Le résultat de cette investigation est sans équivoque: le bassin Pôle Sud-Aitken présente une structure oblongue, semblable à une goutte d'eau ou à un avocat, qui se rétrécit significativement en direction du sud. Cette forme caractéristique est la signature d'un impact oblique, où la partie la plus étroite indique la direction vers laquelle l'astéroïde a poursuivi sa route après le choc. Cette observation contredit l'hypothèse historique d'un impact venu du sud.
a) Bassin Pôle Sud-Aitken représenté en gravité de Bouguer.
b) Bassin Pôle Sud-Aitken représenté en gradients de gravité.
c) Topographie du bassin PĂ´le Sud-Aitken.
d) Topographie du bassin Hellas sur Mars.
e) Topographie du bassin Crisium sur la Lune.
f) Topographie du bassin Sputnik sur Pluton.
Toutes les cartes sont en projection polaire centrée sur le bassin, orientées vers le bas selon la direction supposée de l'impact. Les bords des bassins sont tracés en noir, avec une ellipse moyenne (blanc) et sa variation (gris). Les contours de a et b sont identiques, combinant les deux jeux de données.
Cette nouvelle trajectoire, du nord vers le sud, a une conséquence directe sur la distribution des matériaux excavés. La modélisation indique que les éjectas, les débris projetés depuis les couches profondes, se sont principalement accumulés sur le bord "aval" du cratère, c'est-à -dire au sud. Cette prédiction positionne les futures zones d'alunissage d'Artemis dans une localisation géologique exceptionnelle, au sommet d'un empilement de matériaux originaires du manteau lunaire.
Un impacteur qui a percé la croûte au pire moment
La Lune primitive était probablement une boule de roche en fusion, recouverte d'un vaste océan magmatique. En refroidissant, cet océan a cristallisé, donnant naissance au manteau et à la croûte. Certains éléments chimiques, incompatibles avec les minéraux qui se formaient, ont été rejetés dans le liquide résiduel. Ce "sirop" géochimique final, riche en potassium, en terres rares et en phosphore, est désigné par l'acronyme KREEP.
L'étude publiée dans
Nature suggère que l'impact du bassin Pôle Sud-Aitken s'est produit à un moment clé, alors que les dernières poches de cet océan magmatique n'étaient pas encore
complètement solidifiées. Les chercheurs comparent ce processus à la
congélation d'une canette de soda: l'eau gèle en premier, concentrant le sucre dans les dernières gouttes de liquide. Sur la Lune, les éléments KREEP se sont concentrés dans les ultimes résidus de magma, qui ont été chassés vers la face visible par l'épaississement de la croûte de la face cachée, à la manière d'un tube de
dentifrice pressé.
La preuve de ce scénario réside dans une asymétrie chimique frappante autour du bassin. Les éjectas situés sur son flanc ouest sont anormalement riches en thorium, un élément radioactif caractéristique du matériau KREEP. En revanche, son flanc est en est presque dépourvu. Cette distribution suggère que l'impact a ouvert une brèche dans la croûte lunaire précisément à la limite où subsistaient ces poches magmatiques résiduelles, en libérant une partie de leur contenu à la surface.

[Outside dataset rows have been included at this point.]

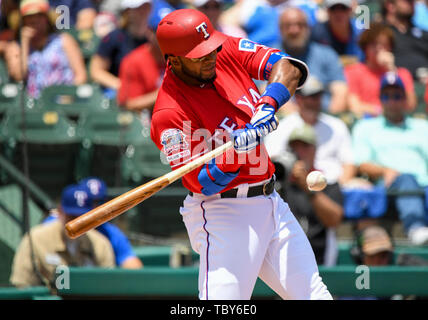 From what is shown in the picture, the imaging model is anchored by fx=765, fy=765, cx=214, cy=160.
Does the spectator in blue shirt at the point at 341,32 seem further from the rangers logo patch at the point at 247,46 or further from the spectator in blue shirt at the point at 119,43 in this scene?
the rangers logo patch at the point at 247,46

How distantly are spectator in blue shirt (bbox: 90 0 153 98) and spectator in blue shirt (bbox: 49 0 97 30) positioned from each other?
3.36 feet

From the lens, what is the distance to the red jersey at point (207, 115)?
3365 mm

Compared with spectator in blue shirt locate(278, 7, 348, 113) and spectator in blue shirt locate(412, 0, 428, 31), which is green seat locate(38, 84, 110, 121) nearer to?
spectator in blue shirt locate(278, 7, 348, 113)

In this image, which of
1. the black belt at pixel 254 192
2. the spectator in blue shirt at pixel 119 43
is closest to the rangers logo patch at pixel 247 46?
the black belt at pixel 254 192

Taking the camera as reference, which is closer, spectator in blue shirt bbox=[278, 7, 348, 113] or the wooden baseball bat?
the wooden baseball bat

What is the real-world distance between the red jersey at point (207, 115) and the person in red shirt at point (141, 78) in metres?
3.28

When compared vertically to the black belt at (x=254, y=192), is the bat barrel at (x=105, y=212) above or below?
below

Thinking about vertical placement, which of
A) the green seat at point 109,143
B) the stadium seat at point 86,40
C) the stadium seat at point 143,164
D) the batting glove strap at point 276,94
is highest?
the stadium seat at point 86,40

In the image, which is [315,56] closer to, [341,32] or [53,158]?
[341,32]

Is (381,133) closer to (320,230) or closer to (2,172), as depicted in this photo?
(320,230)

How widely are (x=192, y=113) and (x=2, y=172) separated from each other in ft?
9.41

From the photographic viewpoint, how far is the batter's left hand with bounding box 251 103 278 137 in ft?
10.7

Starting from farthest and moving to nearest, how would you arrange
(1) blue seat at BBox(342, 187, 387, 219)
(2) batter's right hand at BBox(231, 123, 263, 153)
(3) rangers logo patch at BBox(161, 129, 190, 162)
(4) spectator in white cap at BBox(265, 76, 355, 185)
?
(4) spectator in white cap at BBox(265, 76, 355, 185)
(1) blue seat at BBox(342, 187, 387, 219)
(3) rangers logo patch at BBox(161, 129, 190, 162)
(2) batter's right hand at BBox(231, 123, 263, 153)

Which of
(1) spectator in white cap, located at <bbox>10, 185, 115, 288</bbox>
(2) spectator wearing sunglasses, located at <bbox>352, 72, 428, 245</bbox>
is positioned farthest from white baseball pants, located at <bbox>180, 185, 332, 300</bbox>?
(2) spectator wearing sunglasses, located at <bbox>352, 72, 428, 245</bbox> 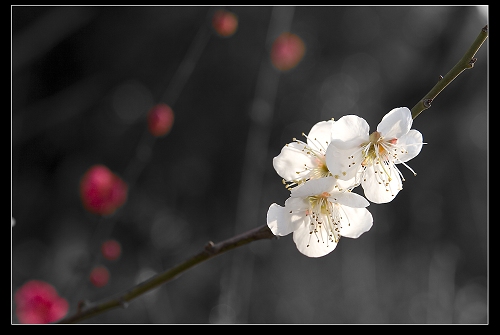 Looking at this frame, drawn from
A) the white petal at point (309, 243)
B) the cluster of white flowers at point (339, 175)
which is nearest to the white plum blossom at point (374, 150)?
the cluster of white flowers at point (339, 175)

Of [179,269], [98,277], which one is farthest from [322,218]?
[98,277]

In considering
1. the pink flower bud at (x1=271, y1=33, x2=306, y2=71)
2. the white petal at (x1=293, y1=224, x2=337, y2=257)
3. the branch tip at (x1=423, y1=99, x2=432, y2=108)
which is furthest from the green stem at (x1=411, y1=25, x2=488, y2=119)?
the pink flower bud at (x1=271, y1=33, x2=306, y2=71)

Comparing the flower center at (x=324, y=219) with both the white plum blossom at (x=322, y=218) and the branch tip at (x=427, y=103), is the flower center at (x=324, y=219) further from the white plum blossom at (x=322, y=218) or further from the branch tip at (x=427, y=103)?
the branch tip at (x=427, y=103)

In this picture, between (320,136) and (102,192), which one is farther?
(102,192)

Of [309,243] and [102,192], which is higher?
[102,192]

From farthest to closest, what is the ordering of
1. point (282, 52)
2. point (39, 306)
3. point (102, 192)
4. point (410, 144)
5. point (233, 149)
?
point (233, 149) < point (282, 52) < point (102, 192) < point (39, 306) < point (410, 144)

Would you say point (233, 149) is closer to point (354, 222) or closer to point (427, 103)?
point (354, 222) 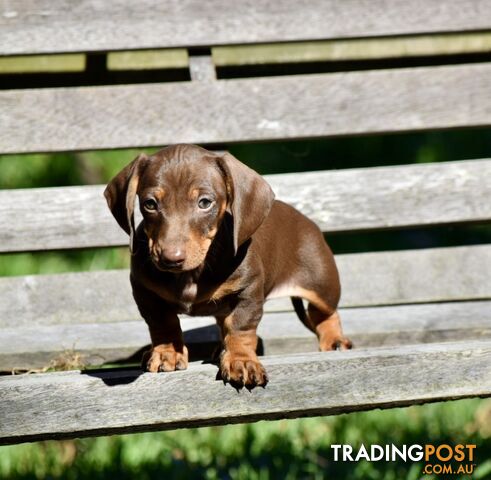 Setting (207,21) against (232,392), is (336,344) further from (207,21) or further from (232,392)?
(207,21)

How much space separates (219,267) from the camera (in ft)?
10.5

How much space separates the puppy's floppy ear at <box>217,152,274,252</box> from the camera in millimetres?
3061

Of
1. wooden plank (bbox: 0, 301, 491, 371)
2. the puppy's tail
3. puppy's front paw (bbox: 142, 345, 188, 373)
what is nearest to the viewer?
puppy's front paw (bbox: 142, 345, 188, 373)

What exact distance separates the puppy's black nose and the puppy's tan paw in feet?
3.35

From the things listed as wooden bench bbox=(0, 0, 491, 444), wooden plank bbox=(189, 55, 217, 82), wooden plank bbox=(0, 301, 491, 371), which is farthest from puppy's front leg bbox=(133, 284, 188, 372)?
wooden plank bbox=(189, 55, 217, 82)

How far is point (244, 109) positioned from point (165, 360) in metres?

La confirmation définitive de ces hypothèses repose sur l'analyse d'échantillons prélevés sur place. Les missions Artemis, en se posant près du pôle Sud, auront ainsi l'opportunité de rapporter sur Terre des fragments de ces éjectas riches en thorium. Leur étude en laboratoire permettra de dater avec précision l'impact et de caractériser la composition des derniers vestiges de l'océan de magma, offrant une fenêtre unique sur les premiers instants de la Lune.